Het ministerie van Buitenlandse Zaken, International Business en Internationale Samenwerking (BIBIS) heeft in 2022 SRD 413 miljoen besteed aan het uitbetalen van lonen en salarissen. In 2021 was dat ongeveer SRD 334 miljoen. BIBIS-minister Albert Ramdin zei gisteren bij een persconferentie van het ministerie over het jaarverslag van 2022 en de vooruitzichten van 2023, dat vorig jaar veel meer is uitgegeven vanwege de koersontwikkeling en looncorrecties.
Het ministerie telt 293 werknemers waarvan 230 in de thuisdienst werken. Op de buitenposten werken 63 personen. Ramdin deelde mee dat Suriname zeventien missies heeft waaronder veertien ambassadeurs en drie consulaten-generaals. Het gaat dus om ongeveer vier personen per missie. De departementsleiding gaat in 2023 voor bemensing van de buitenlandse dienst. Dit moet volgens de minister als Suriname meer wil halen uit de verschillende diensten.

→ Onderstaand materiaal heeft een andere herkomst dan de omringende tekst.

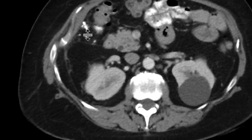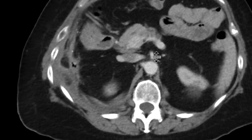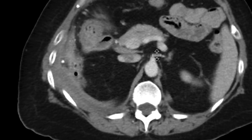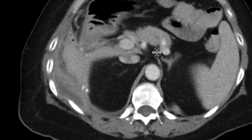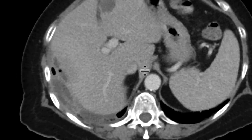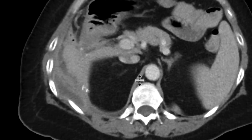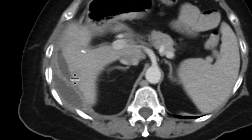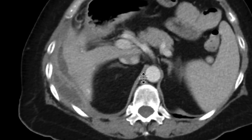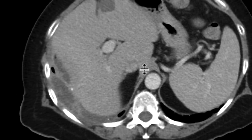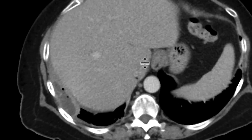You see a lot more calcifications even anterior to that. When you see these calcifications in the right side of the abdomen associated with these abscesses, you have to think about abscesses associated with dropped gallstones. This patient's gallbladder is missing — it was taken out. You can see cholecystectomy clips. This is indeed what it turned out to be.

Ramdin zei dat de diplomaten tot nu toe een goede job doen en dat zij daarom niet zomaar uitgestuurd worden. Ze worden eerst opgeleid en begeleid. “We moeten positief kijken naar onze mensen en ondersteuning geven als het goed is. Waar het niet goed is, moeten we het dan aangeven”, zei de BIBIS-topman.
Volgens de minister blijft de buitenlandse politiek van Suriname ongewijzigd. De belangrijke elementen van het beleid zijn dat het de functie moet hebben van ontwikkeling van Suriname en ondersteuning naar het sociaaleconomisch beleid gericht op herstel en groei met name het aantrekken van investeerders. Centraal staat hierin altijd het Surinaamse belang.

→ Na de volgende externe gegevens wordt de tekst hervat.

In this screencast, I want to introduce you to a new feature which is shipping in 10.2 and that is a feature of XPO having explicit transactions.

Ramdin zei dat er steeds vragen worden gesteld waarom Suriname bepaalde dingen wel of niet doet. De minister gaf aan dat elk land in de eerste plaats gericht is op eigen belang.

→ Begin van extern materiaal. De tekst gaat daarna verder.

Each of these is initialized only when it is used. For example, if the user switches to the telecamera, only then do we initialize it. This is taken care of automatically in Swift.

“Er zijn wel fundamentele issues op basis van internationale waarden en normen waar je collectief aan probeert te werken als het bijvoorbeeld gaat om democratie, rechtstaat, good governanc en rule of law. Maar als gaat om specifiek landsbelang kijken landen naar het nationaal belang. Dat doen wij ook”, aldus Ramdin.